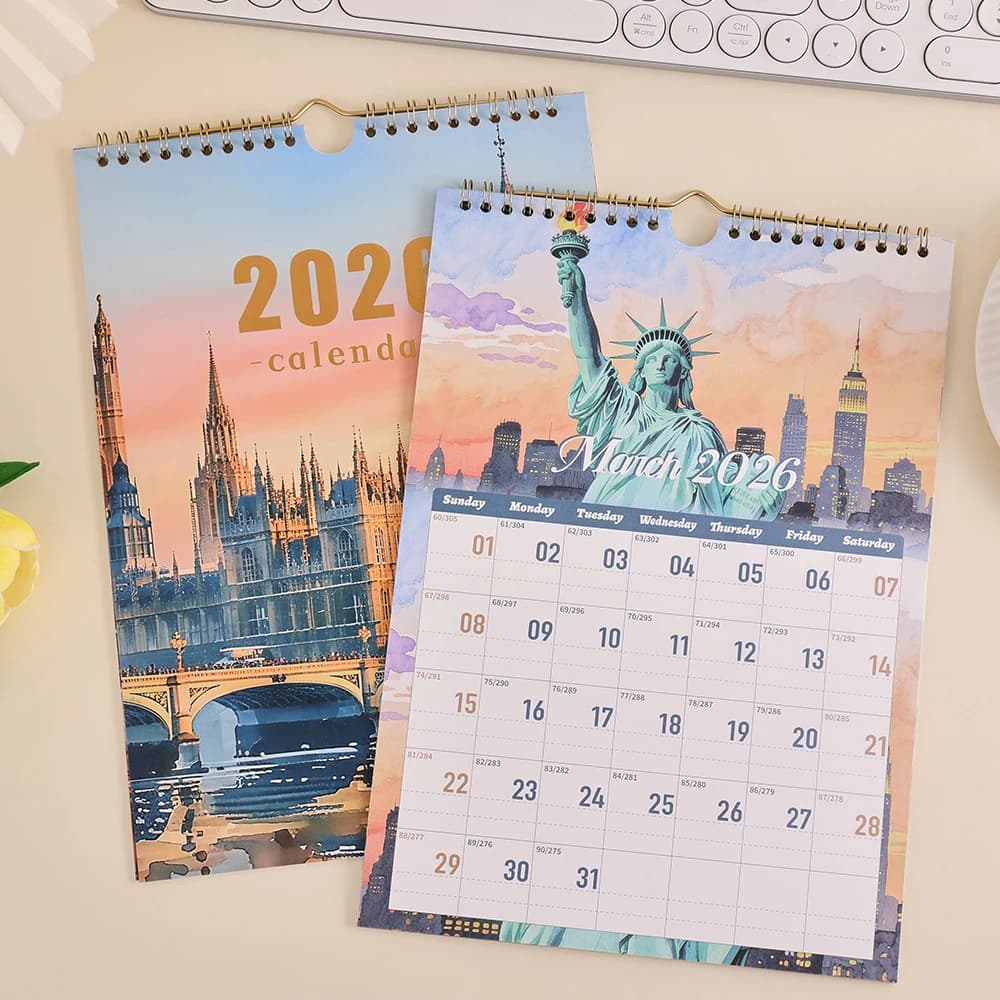 12 fogli 2026 calendario da parete A4 copertina abbronzante design di edifici agenda mensile settimanale giornaliera per la scuola dell'home office (Jan-Dec 2026)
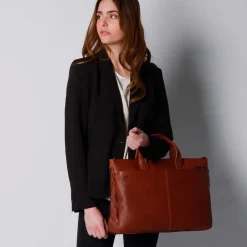 Laptop Tasker^Piquadro Expandable, slim laptop bag 15,6 Brun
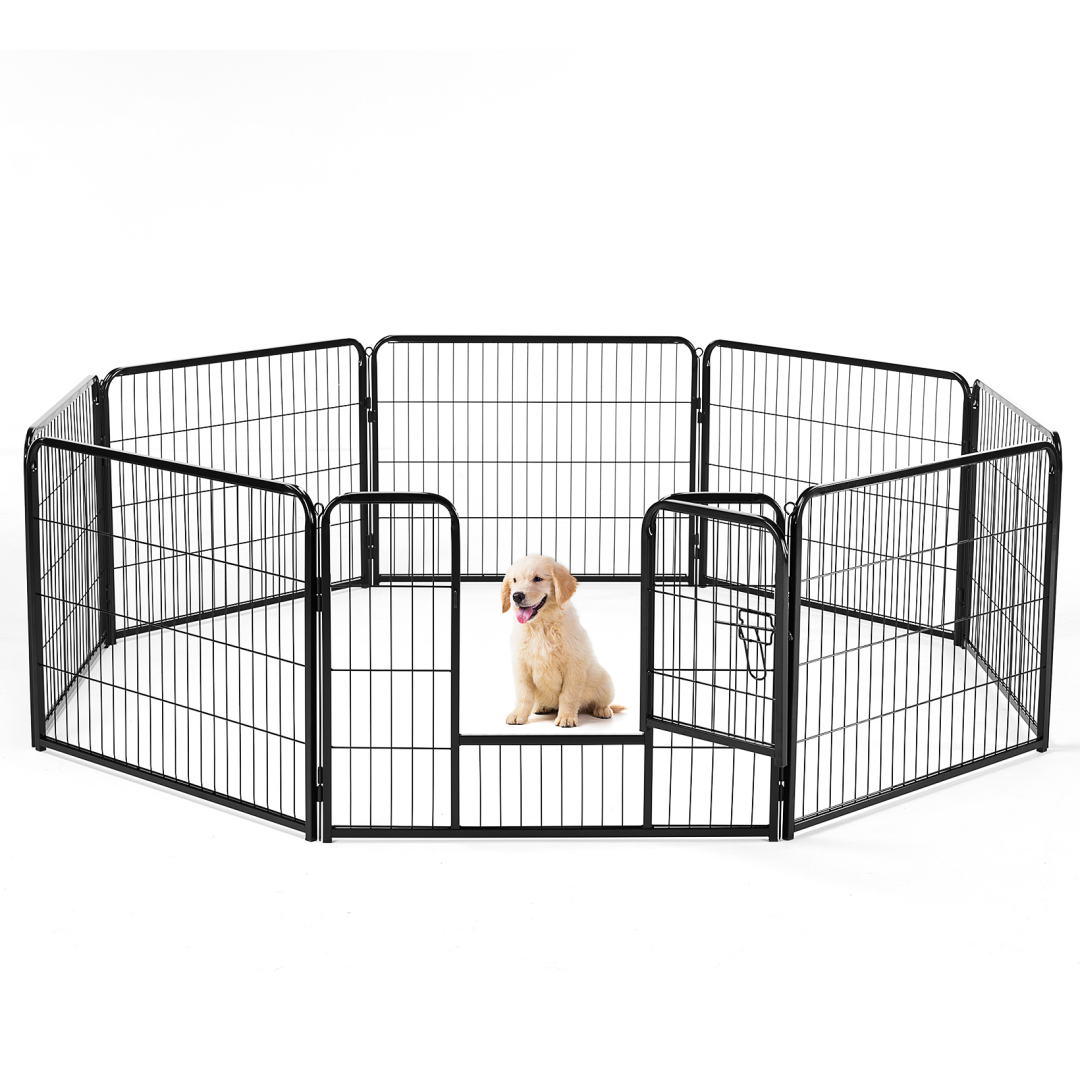 Dog Playpen Indoor Fence Height Metal Exercise Pen With Door Small Puppy-Medium-Large Dogs Animal Pet For Outdoor, Garde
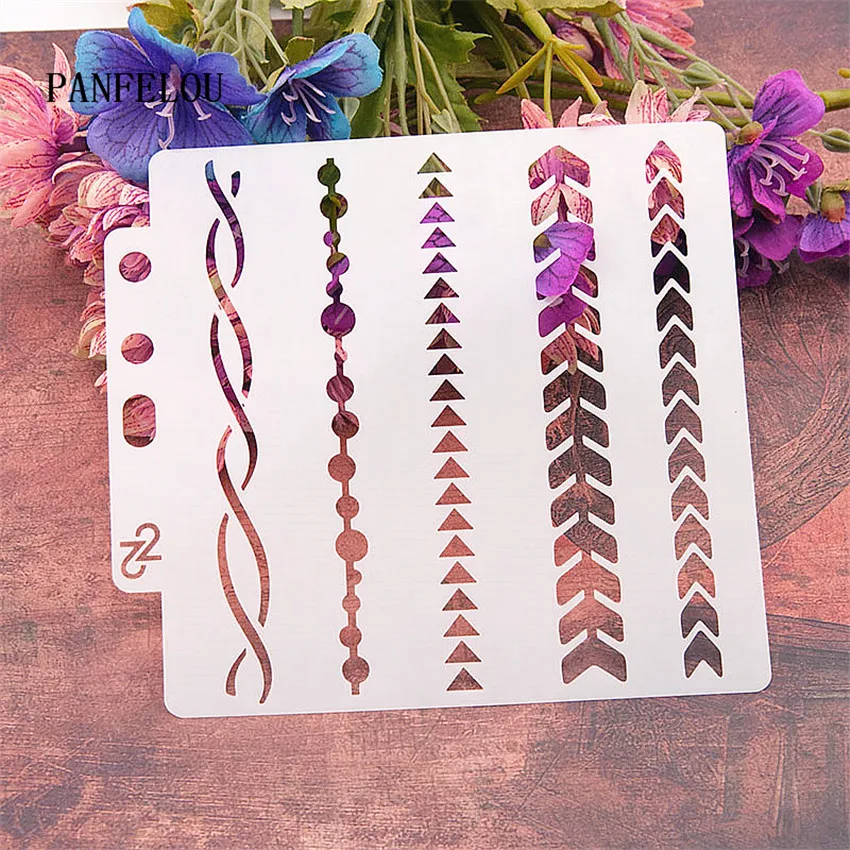 

Arrow lines scrapbook stencils spray plastic mold shield DIY cake hollow Embellishment printing lace ruler valentine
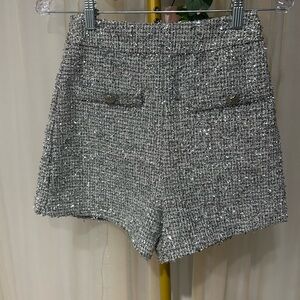 Line & Dot Silver Tweed High-Waist Shorts | NWT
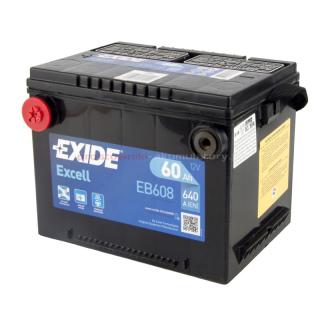 Akumulator 60Ah 640A L+ EXIDE EB608 (USA wkręcane klemy)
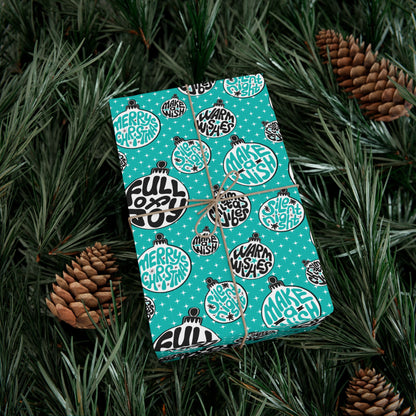Funky Teal Christmas Vibes Wrapping Paper - Holiday Quotes Gift Wrap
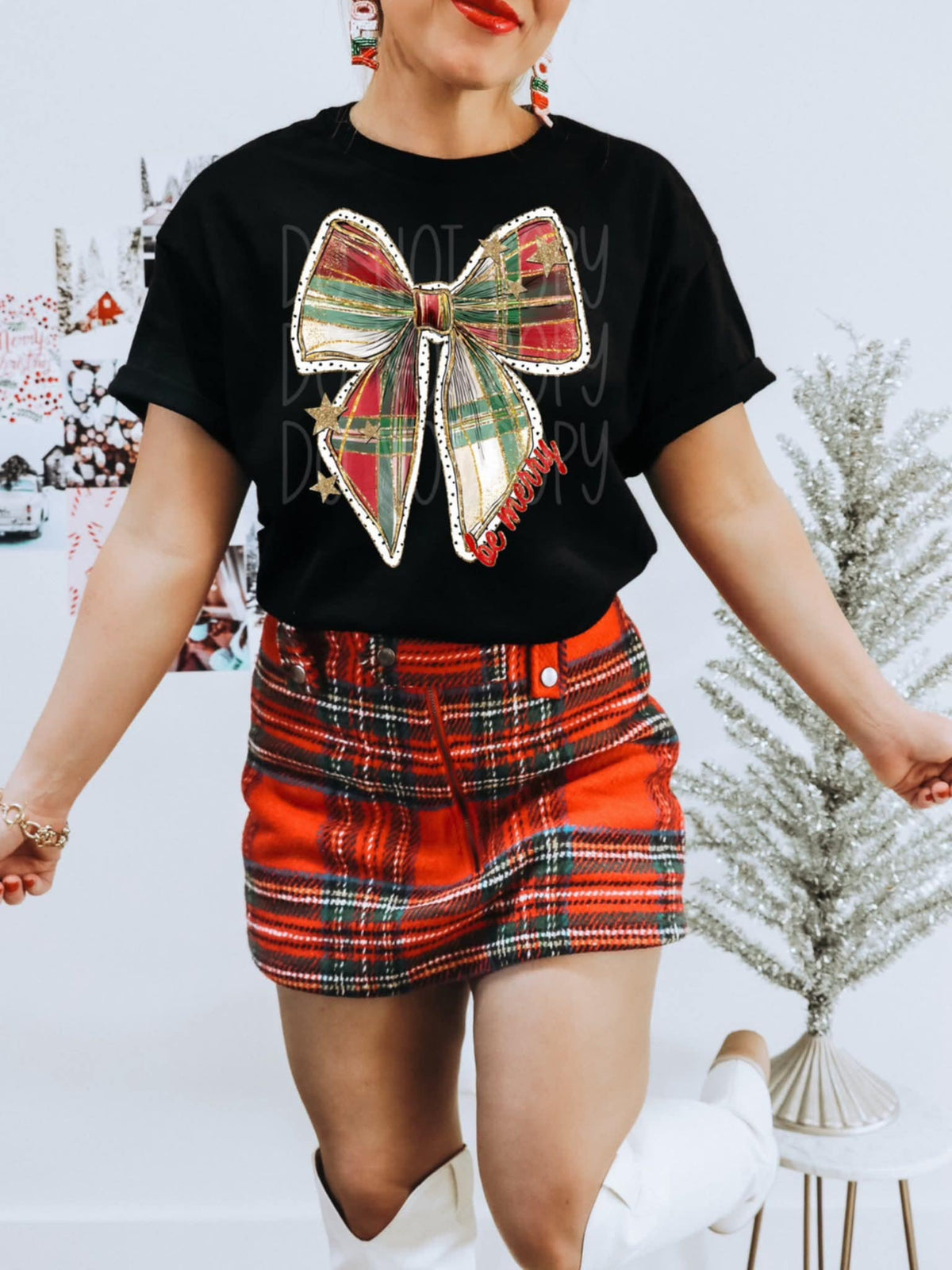 Be Merry Plaid Bow PH DTF Transfer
——————————
* [Problem requirements]: Word for word, output the lines from the beginning of the listing through the line holding "Arrow lines scrapbook" and nothing beyond them. Omit the pictures.

* [Answer to this problem]:
 12 fogli 2026 calendario da parete A4 copertina abbronzante design di edifici agenda mensile settimanale giornaliera per la scuola dell'home office (Jan-Dec 2026)
 Laptop Tasker^Piquadro Expandable, slim laptop bag 15,6 Brun
 Dog Playpen Indoor Fence Height Metal Exercise Pen With Door Small Puppy-Medium-Large Dogs Animal Pet For Outdoor, Garde

Arrow lines scrapbook stencils spray plastic mold shield DIY cake hollow Embellishment printing lace ruler valentine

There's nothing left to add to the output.